La règle est simple : l’auteur, sélectionné et qui a donné son accord, choisit son thème et son traitement, que ce soit à travers l’histoire ou l’actualité la plus récente.
Personnalités ou simples citoyens, nous leur souhaitons la bienvenue.

Qui est Michel Dubois ?

Michel Dubois fonde dans les années 50 un bureau d’études reconnu, entre autres, pour ses réalisations dans l’industrialisation et le stockage des produits agricoles, au point que l’URSS fait appel à lui pour améliorer son réseau de silos spécialisés.
Par la suite, il intervient au Laos, au Brésil, au Liban et dans de nombreux pays d’Afrique. Ceci l’amène à connaître et à conseiller des Chefs d’État et des ministres des pays en voie de développement.

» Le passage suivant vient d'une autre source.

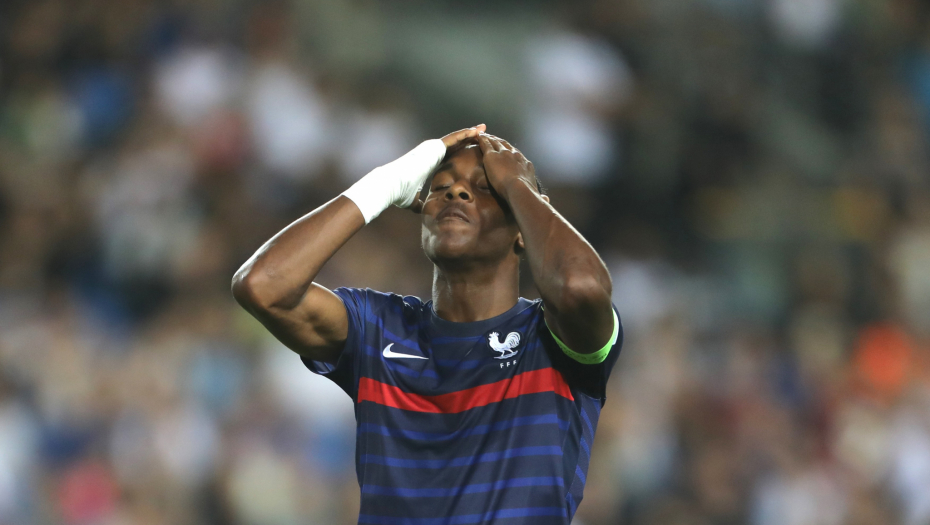 RENOV ZLATNI DEČKO STIGAO U MINHEN Odigrao 60 minuta u seniorskom fudbalu, Bajern ga platio 20.000.000 evra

Dès 1974, son action professionnelle se conjugue avec son action politique. Il devient en 1988 Conseiller pour le Tiers Monde et le Développement du Premier Ministre Michel Rocard. Il est envoyé par ce dernier et F. Mitterrand au Chili en appui au PS chilien, et en Chine dès le lendemain de Tien An Men. Il participe aux délégations du Président, du Premier Ministre, du Président de l’UE. Chirac, lui-même, lui demande d’obtenir la libération de 5 mercenaires français détenus en Angola et au Congo, qu’il ramène en France.
Ph M

Au début de la « période spéciale », Michel Dubois rencontre pour la première fois Fidel Castro qui l’interroge sur l’expérience et les méthodes vietnamiennes pour assurer l’autosuffisance alimentaire du pays.

La chaleur et l’humidité étreignent brutalement les poumons sur le haut de la passerelle de descente de l’avion qui vient d’atterrir à La Havane. Pourtant c’est l’hiver ce 20 Décembre 1997 et la différence avec Paris et l’air conditionné est brutale.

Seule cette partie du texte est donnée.